Brief: Only one stretch of the data below is wanted: the lines from the one with "Convolvulus Hawkmoth, Agrius" through the one with "Blaps: Blaps suturalis, Blaps", repeated exactly.

[Data entries]
Content starts

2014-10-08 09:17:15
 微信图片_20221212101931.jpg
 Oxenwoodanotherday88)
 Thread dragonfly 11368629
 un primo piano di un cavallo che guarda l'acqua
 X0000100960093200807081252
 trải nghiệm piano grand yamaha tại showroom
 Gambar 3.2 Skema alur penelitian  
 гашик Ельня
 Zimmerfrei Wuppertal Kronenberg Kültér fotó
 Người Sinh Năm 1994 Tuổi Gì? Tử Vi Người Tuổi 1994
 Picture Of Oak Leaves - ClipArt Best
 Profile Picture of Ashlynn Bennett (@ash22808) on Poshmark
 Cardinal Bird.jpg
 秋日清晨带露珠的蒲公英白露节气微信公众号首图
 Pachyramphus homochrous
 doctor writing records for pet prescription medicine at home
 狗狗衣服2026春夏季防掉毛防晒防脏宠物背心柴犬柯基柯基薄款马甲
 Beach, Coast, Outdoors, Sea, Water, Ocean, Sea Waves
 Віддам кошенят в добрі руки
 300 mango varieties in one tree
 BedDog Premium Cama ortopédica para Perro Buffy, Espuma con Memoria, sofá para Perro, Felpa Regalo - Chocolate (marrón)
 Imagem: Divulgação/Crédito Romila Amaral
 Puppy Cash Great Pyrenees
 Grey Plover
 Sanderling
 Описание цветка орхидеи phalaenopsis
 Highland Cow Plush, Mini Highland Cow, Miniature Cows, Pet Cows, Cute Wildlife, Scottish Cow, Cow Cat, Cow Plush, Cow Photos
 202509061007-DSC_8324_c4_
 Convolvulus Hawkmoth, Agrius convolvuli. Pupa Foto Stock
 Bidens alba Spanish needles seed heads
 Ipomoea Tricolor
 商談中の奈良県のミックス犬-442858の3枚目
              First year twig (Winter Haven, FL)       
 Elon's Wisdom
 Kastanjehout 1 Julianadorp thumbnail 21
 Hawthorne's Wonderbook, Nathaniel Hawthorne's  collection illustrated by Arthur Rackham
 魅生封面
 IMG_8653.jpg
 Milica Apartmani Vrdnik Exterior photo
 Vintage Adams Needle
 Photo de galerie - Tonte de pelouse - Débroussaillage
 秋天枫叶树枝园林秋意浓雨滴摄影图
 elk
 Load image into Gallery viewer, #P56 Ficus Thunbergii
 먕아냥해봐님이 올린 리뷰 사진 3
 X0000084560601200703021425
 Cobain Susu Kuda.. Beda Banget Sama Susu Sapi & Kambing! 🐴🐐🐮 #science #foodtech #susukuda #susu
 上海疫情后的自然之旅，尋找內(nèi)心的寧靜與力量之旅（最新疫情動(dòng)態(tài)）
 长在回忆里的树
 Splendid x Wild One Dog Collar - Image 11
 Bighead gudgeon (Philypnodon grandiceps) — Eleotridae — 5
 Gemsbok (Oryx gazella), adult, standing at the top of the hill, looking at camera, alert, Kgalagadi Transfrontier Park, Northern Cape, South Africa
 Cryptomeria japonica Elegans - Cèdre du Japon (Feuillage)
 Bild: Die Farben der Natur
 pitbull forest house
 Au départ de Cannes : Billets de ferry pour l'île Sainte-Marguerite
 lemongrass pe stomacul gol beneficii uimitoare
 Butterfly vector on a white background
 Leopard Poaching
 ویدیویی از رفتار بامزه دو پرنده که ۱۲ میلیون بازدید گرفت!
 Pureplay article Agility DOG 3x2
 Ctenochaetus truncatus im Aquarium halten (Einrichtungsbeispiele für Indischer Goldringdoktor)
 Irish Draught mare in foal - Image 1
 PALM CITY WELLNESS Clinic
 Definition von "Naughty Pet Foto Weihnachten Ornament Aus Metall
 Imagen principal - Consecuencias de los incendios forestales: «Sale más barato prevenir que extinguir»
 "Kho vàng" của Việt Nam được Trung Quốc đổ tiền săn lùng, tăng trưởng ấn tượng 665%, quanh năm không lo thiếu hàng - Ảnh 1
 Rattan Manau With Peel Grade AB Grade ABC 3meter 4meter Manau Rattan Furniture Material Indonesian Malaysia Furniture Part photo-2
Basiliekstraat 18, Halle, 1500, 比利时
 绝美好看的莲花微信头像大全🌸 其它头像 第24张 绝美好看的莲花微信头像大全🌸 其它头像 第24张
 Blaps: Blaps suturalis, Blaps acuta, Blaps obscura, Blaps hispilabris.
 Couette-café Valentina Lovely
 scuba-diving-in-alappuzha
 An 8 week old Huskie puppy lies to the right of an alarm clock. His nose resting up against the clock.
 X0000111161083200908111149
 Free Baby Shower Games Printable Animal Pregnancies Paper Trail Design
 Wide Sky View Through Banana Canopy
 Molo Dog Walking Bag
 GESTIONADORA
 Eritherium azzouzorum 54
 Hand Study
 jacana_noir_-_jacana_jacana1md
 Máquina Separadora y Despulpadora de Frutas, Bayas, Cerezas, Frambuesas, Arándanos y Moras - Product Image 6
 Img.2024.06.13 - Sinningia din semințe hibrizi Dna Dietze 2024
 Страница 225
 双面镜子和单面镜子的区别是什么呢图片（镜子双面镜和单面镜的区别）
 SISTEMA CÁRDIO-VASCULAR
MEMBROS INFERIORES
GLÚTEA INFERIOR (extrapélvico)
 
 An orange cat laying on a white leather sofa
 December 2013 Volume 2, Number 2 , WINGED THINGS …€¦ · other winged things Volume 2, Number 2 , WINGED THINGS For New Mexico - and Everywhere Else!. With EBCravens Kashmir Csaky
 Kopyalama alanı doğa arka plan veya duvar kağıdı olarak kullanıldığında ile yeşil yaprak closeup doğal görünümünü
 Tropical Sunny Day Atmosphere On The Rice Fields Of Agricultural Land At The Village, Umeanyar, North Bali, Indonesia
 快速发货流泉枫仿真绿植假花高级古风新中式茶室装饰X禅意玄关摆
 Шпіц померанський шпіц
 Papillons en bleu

Content ends

Task response:
 Convolvulus Hawkmoth, Agrius convolvuli. Pupa Foto Stock
 Bidens alba Spanish needles seed heads
 Ipomoea Tricolor
 商談中の奈良県のミックス犬-442858の3枚目
              First year twig (Winter Haven, FL)       
 Elon's Wisdom
 Kastanjehout 1 Julianadorp thumbnail 21
 Hawthorne's Wonderbook, Nathaniel Hawthorne's  collection illustrated by Arthur Rackham
 魅生封面
 IMG_8653.jpg
 Milica Apartmani Vrdnik Exterior photo
 Vintage Adams Needle
 Photo de galerie - Tonte de pelouse - Débroussaillage
 秋天枫叶树枝园林秋意浓雨滴摄影图
 elk
 Load image into Gallery viewer, #P56 Ficus Thunbergii
 먕아냥해봐님이 올린 리뷰 사진 3
 X0000084560601200703021425
 Cobain Susu Kuda.. Beda Banget Sama Susu Sapi & Kambing! 🐴🐐🐮 #science #foodtech #susukuda #susu
 上海疫情后的自然之旅，尋找內(nèi)心的寧靜與力量之旅（最新疫情動(dòng)態(tài)）
 长在回忆里的树
 Splendid x Wild One Dog Collar - Image 11
 Bighead gudgeon (Philypnodon grandiceps) — Eleotridae — 5
 Gemsbok (Oryx gazella), adult, standing at the top of the hill, looking at camera, alert, Kgalagadi Transfrontier Park, Northern Cape, South Africa
 Cryptomeria japonica Elegans - Cèdre du Japon (Feuillage)
 Bild: Die Farben der Natur
 pitbull forest house
 Au départ de Cannes : Billets de ferry pour l'île Sainte-Marguerite
 lemongrass pe stomacul gol beneficii uimitoare
 Butterfly vector on a white background
 Leopard Poaching
 ویدیویی از رفتار بامزه دو پرنده که ۱۲ میلیون بازدید گرفت!
 Pureplay article Agility DOG 3x2
 Ctenochaetus truncatus im Aquarium halten (Einrichtungsbeispiele für Indischer Goldringdoktor)
 Irish Draught mare in foal - Image 1
 PALM CITY WELLNESS Clinic
 Definition von "Naughty Pet Foto Weihnachten Ornament Aus Metall
 Imagen principal - Consecuencias de los incendios forestales: «Sale más barato prevenir que extinguir»
 "Kho vàng" của Việt Nam được Trung Quốc đổ tiền săn lùng, tăng trưởng ấn tượng 665%, quanh năm không lo thiếu hàng - Ảnh 1
 Rattan Manau With Peel Grade AB Grade ABC 3meter 4meter Manau Rattan Furniture Material Indonesian Malaysia Furniture Part photo-2
Basiliekstraat 18, Halle, 1500, 比利时
 绝美好看的莲花微信头像大全🌸 其它头像 第24张 绝美好看的莲花微信头像大全🌸 其它头像 第24张
 Blaps: Blaps suturalis, Blaps acuta, Blaps obscura, Blaps hispilabris.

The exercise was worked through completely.